2004 Summary

from Eve Ticknor, Falcon Watch coordinator

2004 was not without its ups and downs but we ended our Falcon Watch on a note of resounding success! There are now 2 more female peregrines in the air!

Although we started the official watch on June 19, it was at the banding that I had my first real feeling of what we might encounter during the weeks ahead. From the first moment I set foot in the Pinnacle Room of the Crowne Plaza Hotel, I knew that our volunteers would be firmly entrenched on the ground! The roof would definitely be out of bounds. Before our “predator” set foot on the ledge, Horizon was already mounting her attack on us and we were certainly glad of the window panes between us and a very angry falcon.

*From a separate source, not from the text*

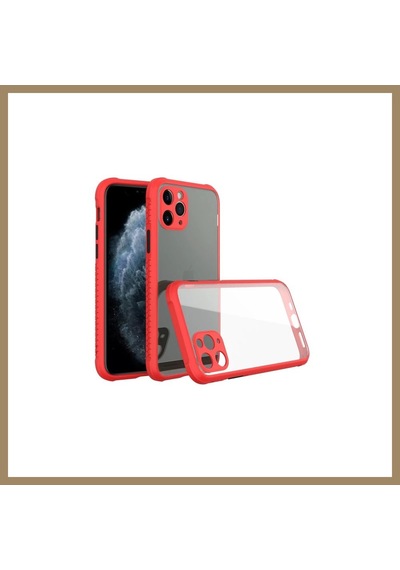 Kahveci.store İphone 11 Pro Kılıf Miami Şeffaf Silikon - Kırmızı 22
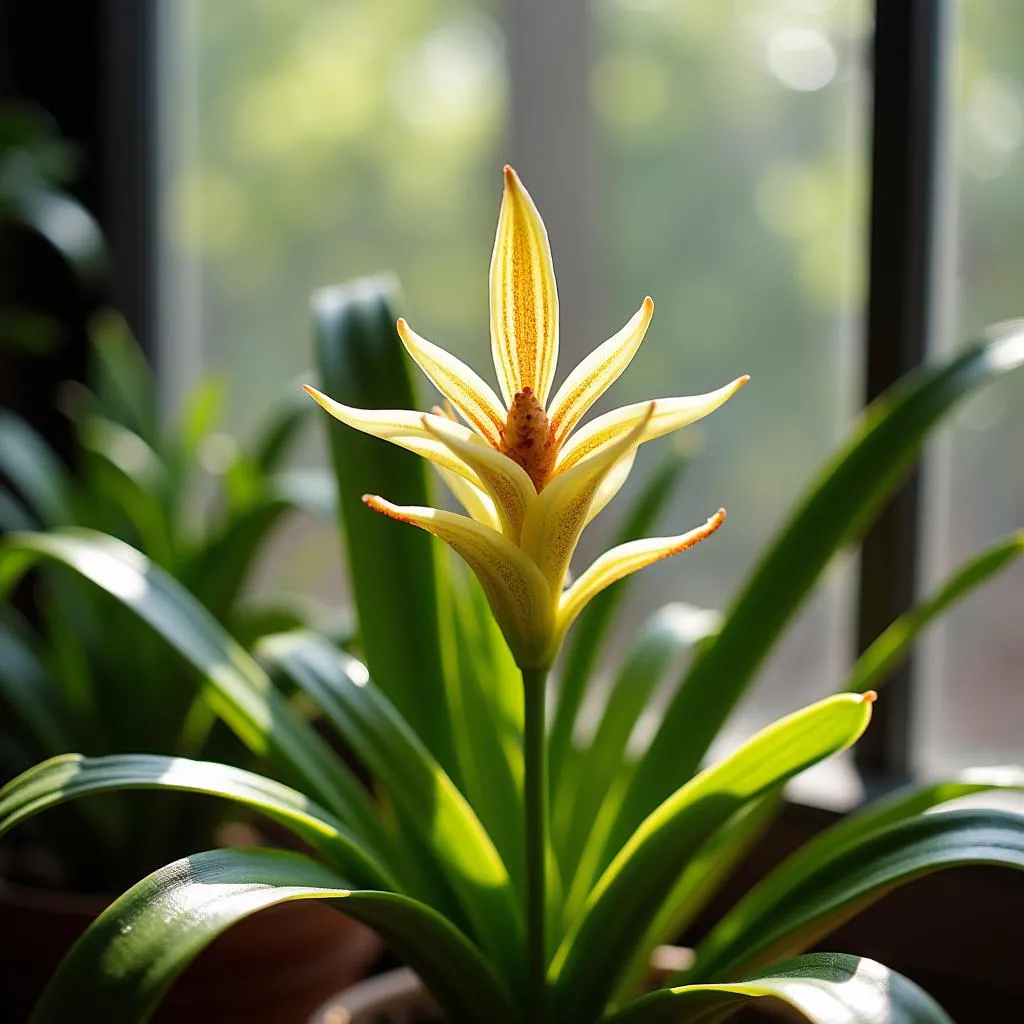 Grammatophyllum orchid basking in bright indirect light.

She flew at us, turning just before reaching the glass and, although we couldn’t hear her, we knew she was screaming at us to stay away from her babies!

Kudos to Tracy Simpson, our “predator” who had to endure over 30 hits from Horizon, accompanied by Connor. Thanks to her, we were able to band both our chicklets who we discovered were females! Zanar had her photo taken with Hilary Fisher, the lady who named her, while Senator had to make do with me, as Michelle Samure couldn’t get away from the Wild Bird Care Centre to attend. Both our girls showed themselves to be very feisty, a good sign!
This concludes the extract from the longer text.